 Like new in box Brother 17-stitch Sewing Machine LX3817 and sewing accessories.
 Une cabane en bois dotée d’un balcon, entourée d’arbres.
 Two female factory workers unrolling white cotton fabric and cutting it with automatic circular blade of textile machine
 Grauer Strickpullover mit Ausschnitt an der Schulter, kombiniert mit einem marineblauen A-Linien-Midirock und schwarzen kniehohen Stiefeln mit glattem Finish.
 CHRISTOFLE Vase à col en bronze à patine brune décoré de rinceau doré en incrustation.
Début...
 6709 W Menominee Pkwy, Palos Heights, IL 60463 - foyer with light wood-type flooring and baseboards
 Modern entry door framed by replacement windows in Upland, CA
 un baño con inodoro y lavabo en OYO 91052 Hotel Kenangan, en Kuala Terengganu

---

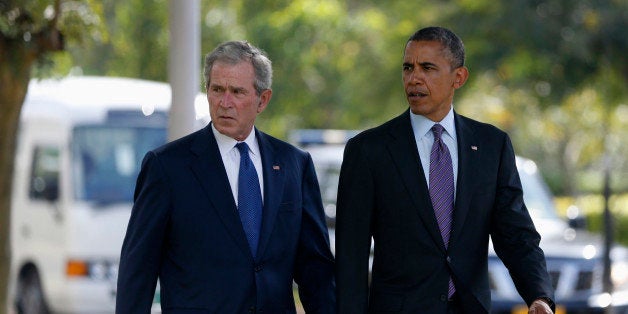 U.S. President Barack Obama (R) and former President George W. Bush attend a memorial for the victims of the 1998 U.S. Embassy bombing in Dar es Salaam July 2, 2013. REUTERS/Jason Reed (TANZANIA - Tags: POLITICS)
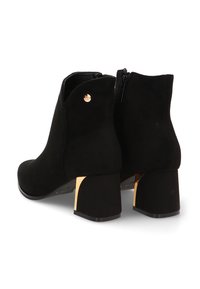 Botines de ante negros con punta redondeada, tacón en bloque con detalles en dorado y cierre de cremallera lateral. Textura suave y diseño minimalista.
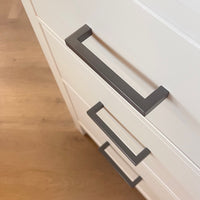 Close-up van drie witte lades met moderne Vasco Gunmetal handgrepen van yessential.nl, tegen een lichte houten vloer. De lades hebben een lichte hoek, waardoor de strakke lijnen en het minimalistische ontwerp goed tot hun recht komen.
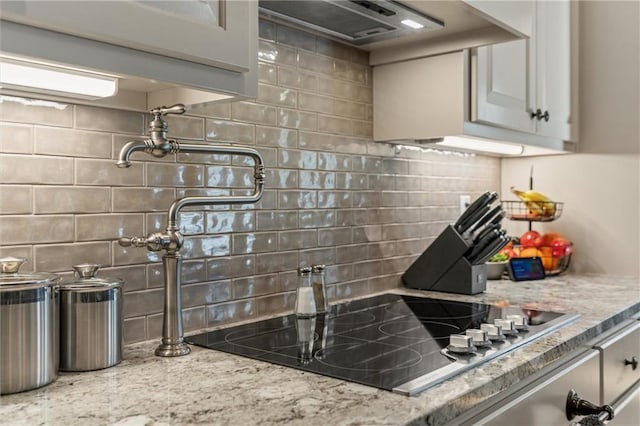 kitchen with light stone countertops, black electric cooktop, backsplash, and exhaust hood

### DIRECTIONS FOR THIS TASK
Nothing but the lines from the one containing "Close-up van drie" through the one containing "kitchen with light" should appear, copied exactly from the material above and without pictures.

### REPLY
 Close-up van drie witte lades met moderne Vasco Gunmetal handgrepen van yessential.nl, tegen een lichte houten vloer. De lades hebben een lichte hoek, waardoor de strakke lijnen en het minimalistische ontwerp goed tot hun recht komen.
 kitchen with light stone countertops, black electric cooktop, backsplash, and exhaust hood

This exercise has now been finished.